The Company reported Net Income of $6.8 million, or $0.29 and $0.28 per basic and diluted share, respectively, for the nine months ended September 30, 2005, as compared to $7.4 million, or $0.38 and $0.34 per basic and diluted share, respectively, for the same period during 2004. For the nine months ended September 30, 2005, Net Income was $12.1 million, or $0.52 and $0.50 per basic and diluted share, respectively, excluding $5.3 million for the non-cash after-tax items of (1) stock option compensation expense ($1.9 million - related to employee stock options repriced in 2000) (2) loss on the early extinguishment of long-term debt ($2.4 million - related to unamortized debt issuance cost and discount on debt retired in our recent debt refinancing) and (3) equity in the loss of Pinnacle ($1.0 million - comprised of $0.3 million net income from operations offset by $1.3 million for dividends on preferred stock).
EBITDA (earnings before interest, income tax, depreciation and amortization expenses, and certain other non-cash items) during the first nine months of 2005 was $35.8 million, or $1.53 and $1.48 per basic and diluted share, respectively, as compared to $24.7 million, or $1.28 and $1.15 per basic and diluted share, respectively, during the first nine months of 2004.

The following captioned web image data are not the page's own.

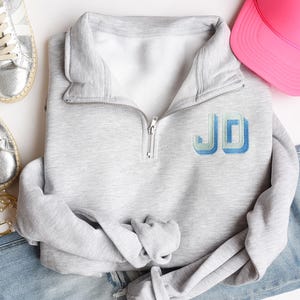 Könnte beinhalten: Hellgraues Sweatshirt mit Viertelreißverschluss und den gestickten Buchstaben "JD" in Hellblau und Blau. Das Sweatshirt ist gefaltet, mit einem silbernen Reißverschluss und einem weißen Innenfutter. Eine rosa Baseballkappe, silberne Turnschuhe und Goldschmuck sind ebenfalls zu sehen.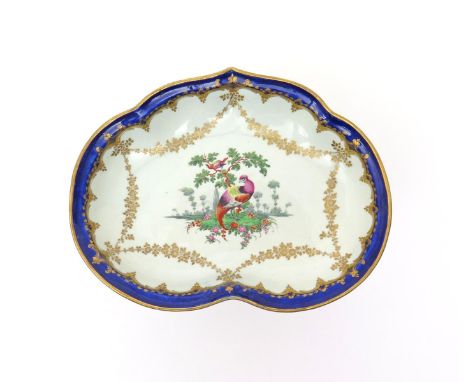 A Worcester kidney-shaped dessert dish  c.1780, the well painted with a fancy bird perched on a grassy mound with a further b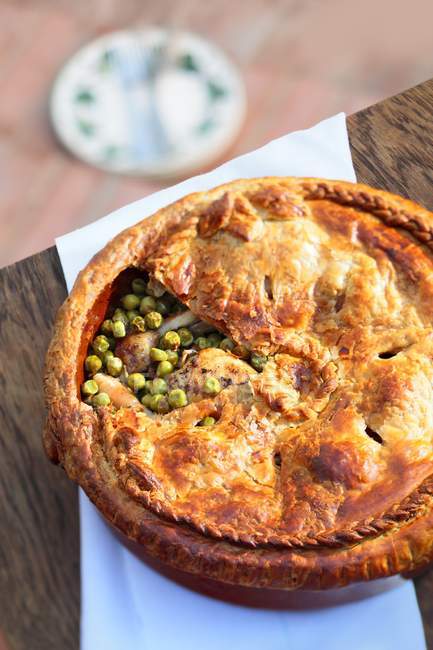 Chicken pie with peas over wooden surface — Stock Photo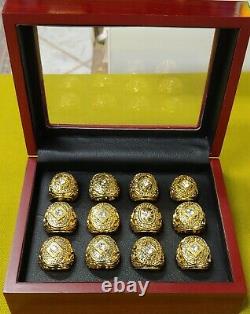 Set of 12 Old School World Series Baseball Rings. 20's-50's W Wooden Display Box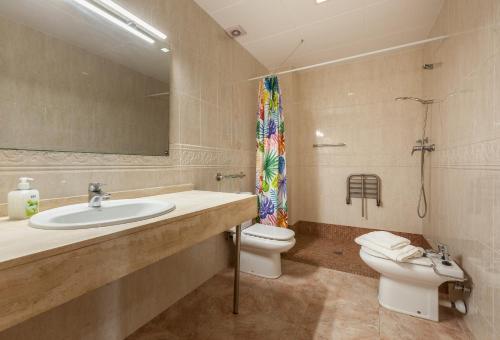 Un baño con lavabo, inodoro y espejo. en Malgrat, en Malgrat de Mar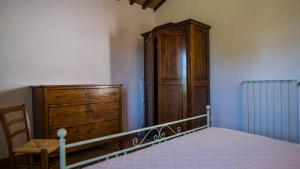 A bed or beds in a room at La Casa del Contadino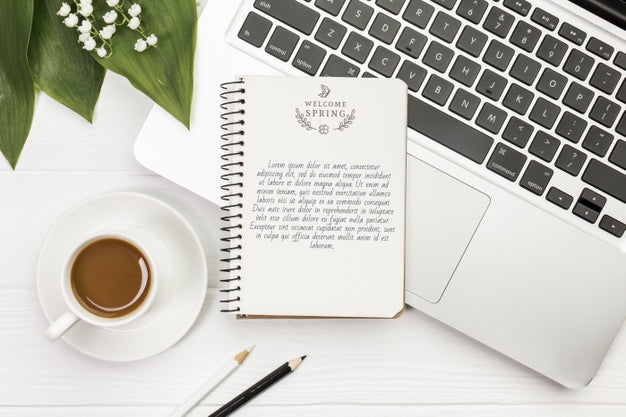 Top View Notebook On Top Of Laptop Concept Psd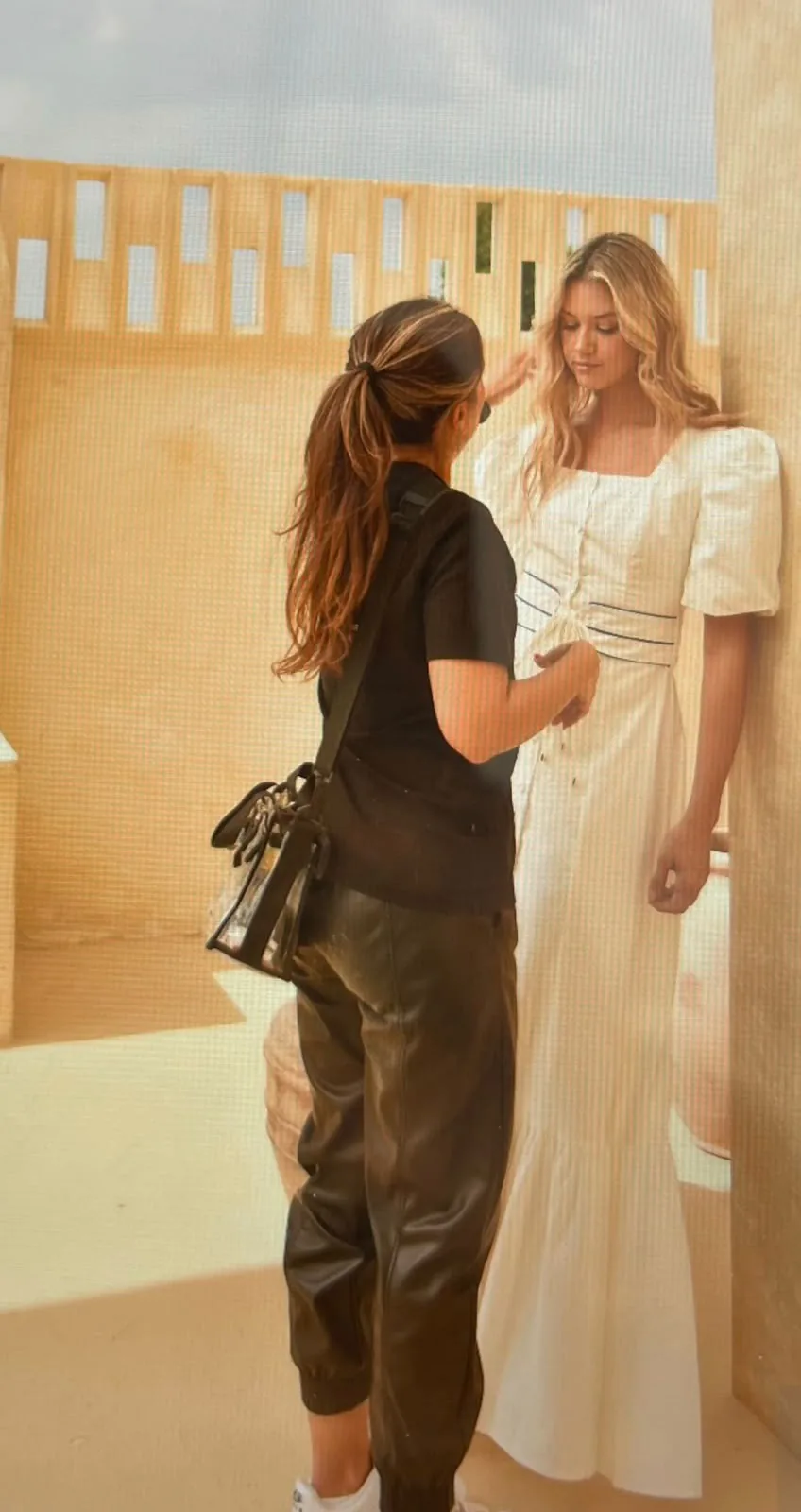 Retoque de maquillaje a la modelo durante el rodaje, en un set de tonos arena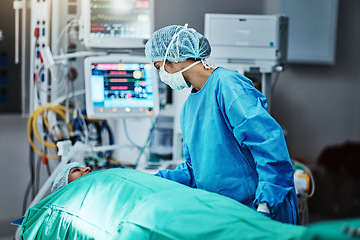 Image showing Talking, surgeon and patient in emergency surgery, professional care and hospital bed for support. Speaking, help and doctor with person in operation or mask to check healthcare in medical results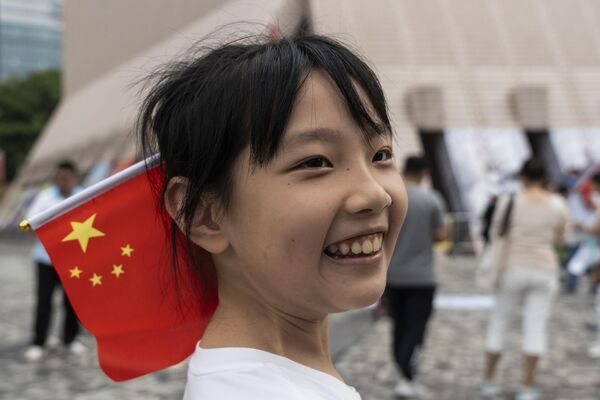 Desde 1999, el día de la fundación de China se celebra durante una semana, lo que se convirtió en un período de descanso para promover el turismo. Con el tiempo, éste se convirtió en una tradición nacional china y la propia festividad en una de las favoritas del país. En la foto: una niña con la bandera nacional china en el barrio de Tsim Sha Tsui, Hong Kong. - Sputnik Mundo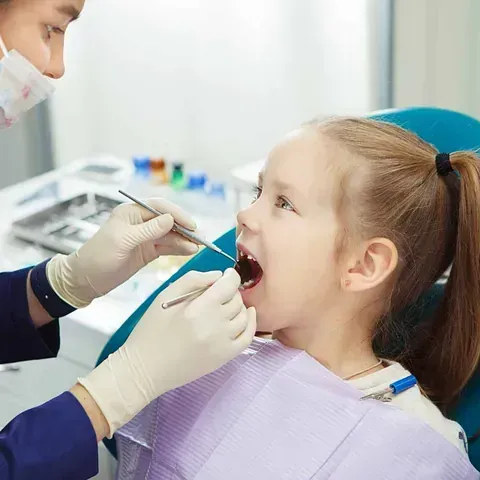 A una niña le están examinando los dientes un dentista.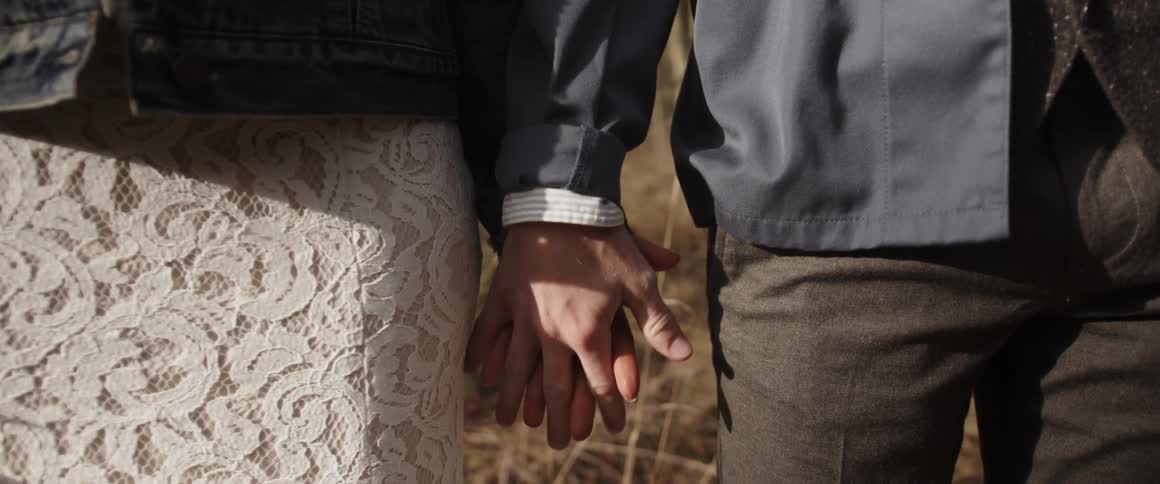 A man and woman hold hands
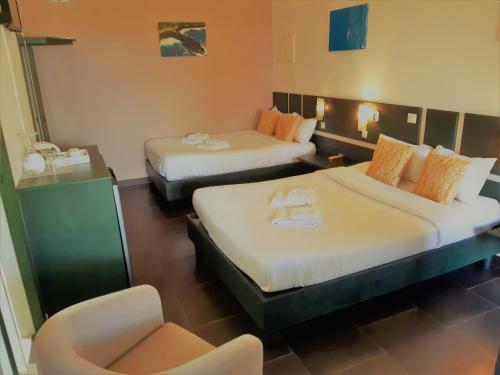 a hotel room with two beds and a chair at Hôtel Les Embruns Du Baril in Basse Vallée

Oil and gas operating expenses, excluding production taxes, increased to $4.2 million during the nine months ended September 30, 2005 as compared to $3.7 million in the first nine months of 2004. The increase was primarily the result of the addition of new wells (including a number of Barnett Shale wells).
Production taxes increased to $2.9 million during the nine months ended September 30, 2005 as compared to $2.2 million for the third quarter of 2004. The increase is attributable to significantly higher oil and gas revenues.
Depreciation, depletion and amortization expenses (“DD&A”) were $14.4 million during the nine months ended September 30, 2005 as compared to $10.6 million during the first nine months of 2004. The increase in DD&A expense was due (1) to an increase in the DD&A rate primarily due to additions to the proved property cost base and (2) in part to increased production volumes.
General and administrative expenses (“G&A”) increased to $6.2 million during the nine months ended September 30, 2005 from $5.1 million during the same period of 2004. The increase in G&A was due primarily to higher salary (due to increased headcount and annual raises) and incentive compensation costs.
Non-cash stock based compensation expense was $2.9 million ($1.9 million after tax) for the nine months ended September 30, 2005 as compared to $0.6 million ($0.4 million after tax) for the first nine months of 2004.
Loss on early extinguishment of long-term debt was a non-cash charge of $3.7 million (or $2.4 million after tax) for the nine months ended September 30, 2005, primarily attributable to the unamortized debt issuance cost and discount on the long-term debt retired in the Company’s July 2005 debt refinancing.
Other income and expense for the nine months ended September 30, 2005 was a net expense of $1.3 million primarily attributable to (1) the non-cash equity in the loss of Pinnacle of $1.0 million (both before and after tax) and (2) a $0.2 million loss in connection with excess plugging and abandonment costs. Other income and expense for the first nine months of 2004 was a net expense of $0.3 million, directly attributable to the $0.8 million non-cash equity in the loss of Pinnacle (both before and after tax) and (2) the sale of our Enron claim for a gain of $0.5 million, which was fully reserved for in prior years.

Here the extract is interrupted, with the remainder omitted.